Amazing, don't recall seeing pine burl before


----------



## gman2431 (Dec 11, 2017)

Cool wood! The pine burls I've turned looked nothing like those.

Reactions: Agree 3


----------



## Spinartist (Dec 11, 2017)

Very cool!!!
What's going on with the slots cut in the chuck jaws??

Reactions: Agree 1


----------



## Wilson's Woodworking (Dec 11, 2017)

Spinartist said:


> Very cool!!!
> What's going on with the slots cut in the chuck jaws??


It took me a little while to figure out what you were talking about. That size of jaw has the bolt going right in the middle of the outer chuck bolt. I prefer that size over the smaller size that comes with the chuck when you buy it. I forget what size it is but I think it might be 100 MM.


----------



## Mike Hill (Dec 11, 2017)

They remind me of a Bev Doolittle painting.

Reactions: Agree 1


----------



## Wilson's Woodworking (Dec 11, 2017)

Mike Hill said:


> They remind me of a Bev Doolittle painting.


I had to Google her artwork. It does kinda look like some of the hide and seek collection.

Reactions: Like 1


----------



## NYWoodturner (Dec 11, 2017)

Nice work Danny! I am allergic to pine but that might tempt me to suffer through it anyway!


----------



## Mike Hill (Dec 12, 2017)

Wilson's Woodworking said:


> I had to Google her artwork. It does kinda look like some of the hide and seek collection.

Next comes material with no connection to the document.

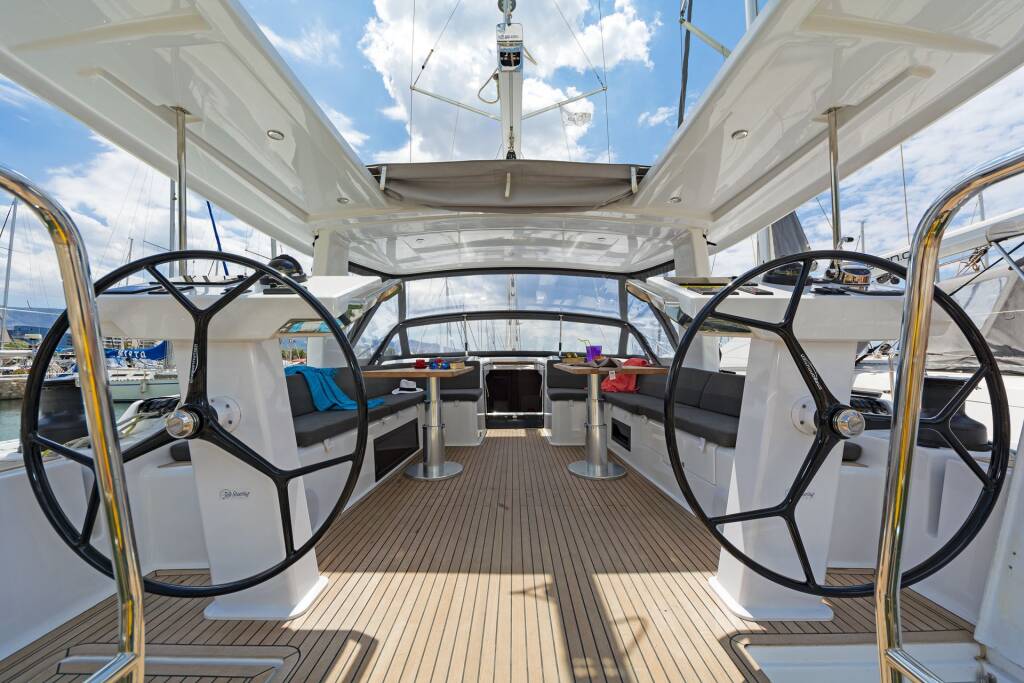 Sailing yacht Hanse 548 Joy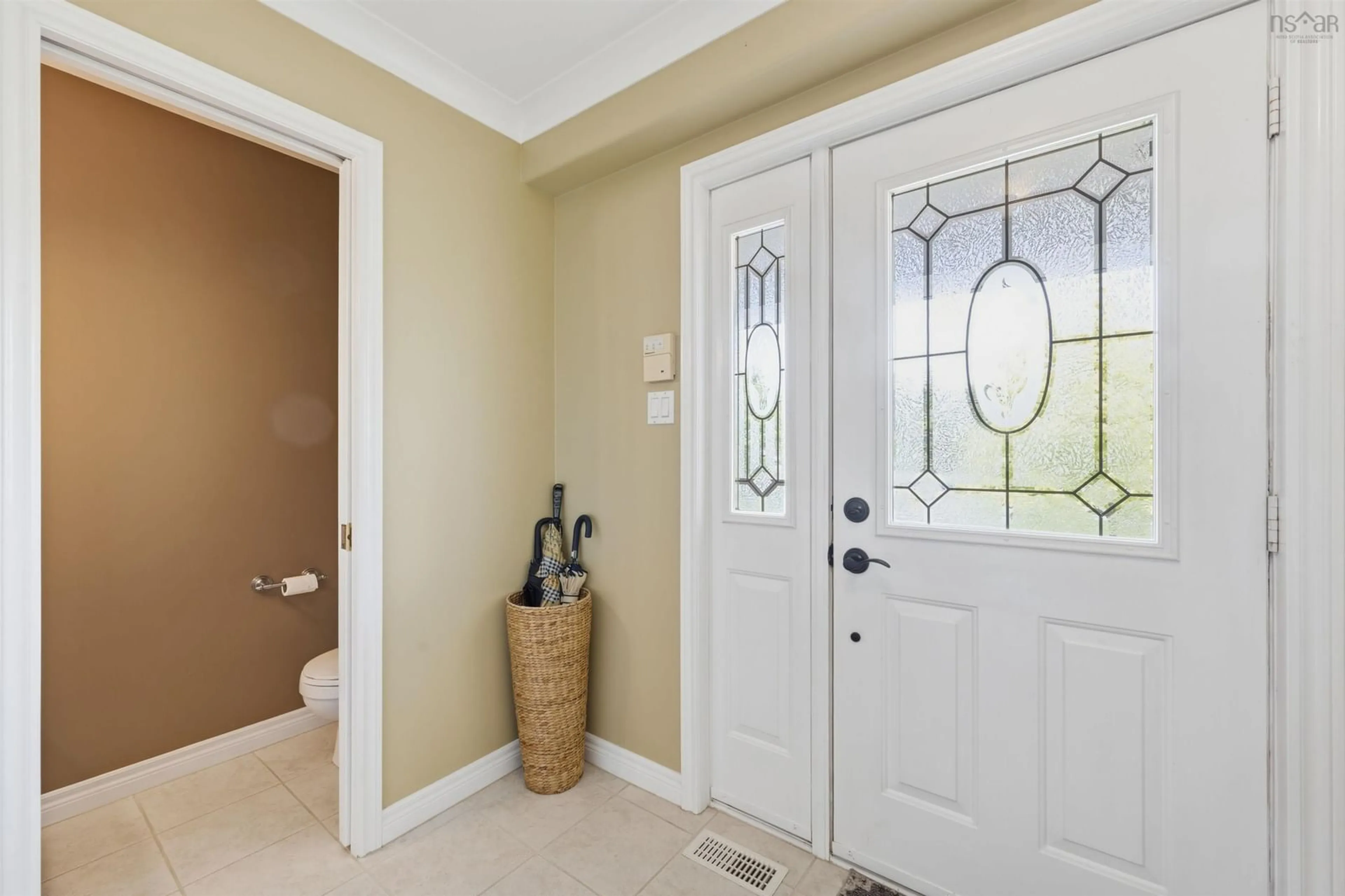 Indoor entryway for 273 Kingswood Dr, Hammonds Plains Nova Scotia B4B 1L8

That collection and an earlier I believe

Reactions: Like 1


----------



## cabomhn (Dec 13, 2017)

That looks sweet! Never seen pine burl before. That's so nice that I bet I know an old south Georgian that might even appreciate it

Reactions: Thank You! 1


----------



## Ken Martin (Dec 13, 2017)

Wow! Talk about flammable sawdust!
Beautiful bowls!! 

Pine is one wood I know a little bit about, living in Mississippi. For one, I know the rosin will leach out of those bowls for months if it gets a chance! How do you plan to put a finish on them... and what will you use?


----------



## Wilson's Woodworking (Dec 14, 2017)

Ken Martrin said:


> Wow! Talk about flammable sawdust!
> Beautiful bowls!!
> 
> Pine is one wood I know a little bit about, living in Mississippi. For one, I know the rosin will leach out of those bowls for months if it gets a chance! How do you plan to put a finish on them... and what will you use?



I have been trying to cook the pine tar out of the bowls by putting them in the microwave for 20 seconds to a minute at a time. The full minute sure gets the pine tar out of them. I figured when I get all the pine tar I can out of it I would try using some WOP. Do you have any suggestions that might work better? I want this one to be a high gloss finish. I usually do not use high gloss on my bowls but when I seen the CA glue Go across the outside of this bowl I knew these had to be high gloss finish to bring out that extreme grain.


----------



## Ken Martin (Dec 14, 2017)

No, I dont. That’s why I was asking. I made a cane for my mother several years ago out of a cedar Burl and fought the rosin in it for a couple of years. Every few months, I would strip off the finish, sand the exudate off and reapply. Pine has tons more rosin than cedar!

Possibly soaking the piece in a proper solvent, like turpentine might help leach it out. Then find something lighter to get the turpentine out?

Wish I could help.


----------



## Robert Baccus (Dec 30, 2017)

Really nice piece of burl--what species of pine id that or maybe the area collected. I,ve done several ponderosa burls from N.M that were up to 15" dia. with no rosin problems. Just let it dry.


----------



## vegas urban lumber (Dec 30, 2017)

beautiful blue stain spalting


----------



## Wilson's Woodworking (Dec 30, 2017)

Robert Baccus said:


> Really nice piece of burl--what species of pine id that or maybe the area collected. I,ve done several ponderosa burls from N.M that were up to 15" dia. with no rosin problems. Just let it dry.



About all I know is that it was harvested here in Nebraska. Probably in the North Central or North East part.


----------